Balancing shorebird conservation and shellfish harvesting in UK estuaries

This source preferred by Kevin Wood

Authors: Stillman, R.A. and Wood, K.A.

Editors: Redpath, S.M., Gutierrez, R.J., Wood, K.A. and Young, J.C.

http://www.cambridge.org/gb/academic/subjects/life-sciences/ecology-and-conservation/conflicts-conservation-navigating-towards-solutions?format=PB

Pages: 209-211

Publisher: Cambridge University Press

ISBN: 9781107603462

The intertidal areas of UK coasts are important habitats for shellfish species, such as cockles (Cerastoderma edule) and mussels (Mytilus edulis). Commercial harvesting of shellfish is worth an annual £250 million to the UK economy, providing both food and employment (DEFRA, 2013). These shellfish are also the principal food resource for overwintering shorebirds such as oystercatchers (Haematopus ostralegus) and knots (Calidris canutus). Shorebirds are key components of UK coastal biodiversity and are protected under the European Union Wild Birds Directive (2009/147/EEC), which legally obligates the UK government to maintain healthy shorebird populations. Thus, many estuaries have been designated estuarine Special Protection Areas (SPAs) which must be managed to sustain overwintering shorebird populations. Additionally, shorebirds are popular with bird watchers and, therefore, benefit tourism in coastal areas.
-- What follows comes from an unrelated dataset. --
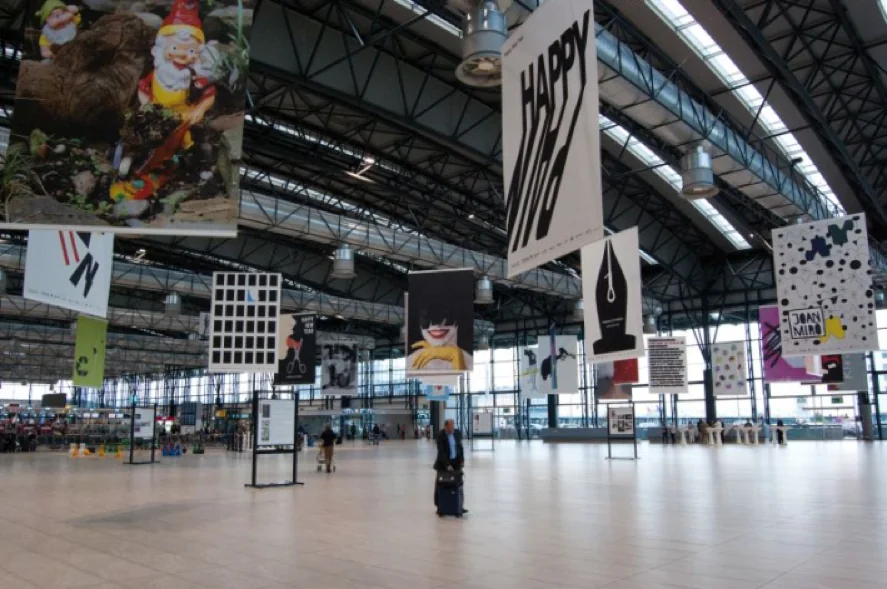 Ladislav Sutnar -  Europe – Culture exhibition image.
Thus, a conflict has occurred since the 1970s between those desiring to conserve shorebirds and those desiring to harvest shellfish commercially (Tinker, 1974). On one side, conservationists and bird watchers want strict limits to be placed on shellfish harvesting and disturbance in order to protect the birds. On the other side, the fisherman and their representatives want to maximise shellfish harvesting. Statutory authority for the management of estuarine fisheries, and, thus, the responsibility for conflict resolution, is held by local government organisations.